Someone in this house smells. It seems to be worse around the children. And the kitchen.

Maybe the philosophy of, “Why clean? It’ll just get dirty again,” needs some reevaluation.

At least Juno is happy, although this morning she walked over to me, looked me right in the face, sniffed once, and ran away.

And. We’re hungry. The children are sticking firmly to their commitment to starve before they eat anything I might cook.

What we thought was thunder turned out to be the combined output of stomachs rumbling.

How much longer?

Day 4.

It’s midnight now. The house is dark. I am not sure how this will turn out. The kids are all desperately sick, throwing up. I can hear my son and daughter retching in separate bathrooms. I went in to check on them a few minutes ago, to see what was coming up.
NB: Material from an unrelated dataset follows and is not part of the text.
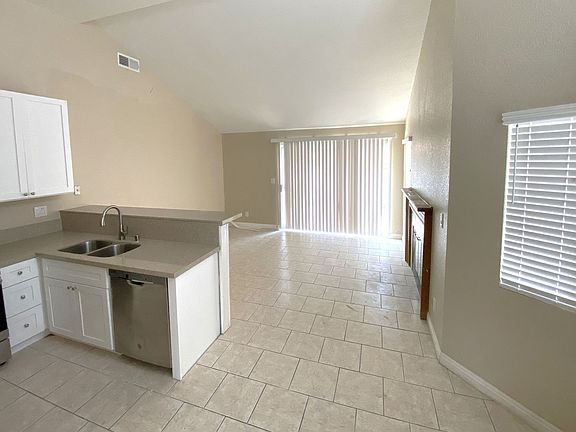 3rd image of 15641 Shadow Mountain Ln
I think I’m okay, at least for the moment. But of course the odds aren’t good: most of the people involved in this business are already dead. And there are so many things I can’t know for sure.

I have a ringing in my ears, which is a bad sign. And I feel a vibrating in my chest and abdomen. The baby is spitting up, not really vomiting. I am feeling dizzy. I hope I don’t lose consciousness. The kids need me, especially the little one. They’re frightened. I don’t blame them.

I am, too.

(With apologies to Michael Crichton.)

Day 5.

We have, at last found something we can agree on eating. Thankfully, we have (had?) a real dog, rather than a Chihuahua or something tiny.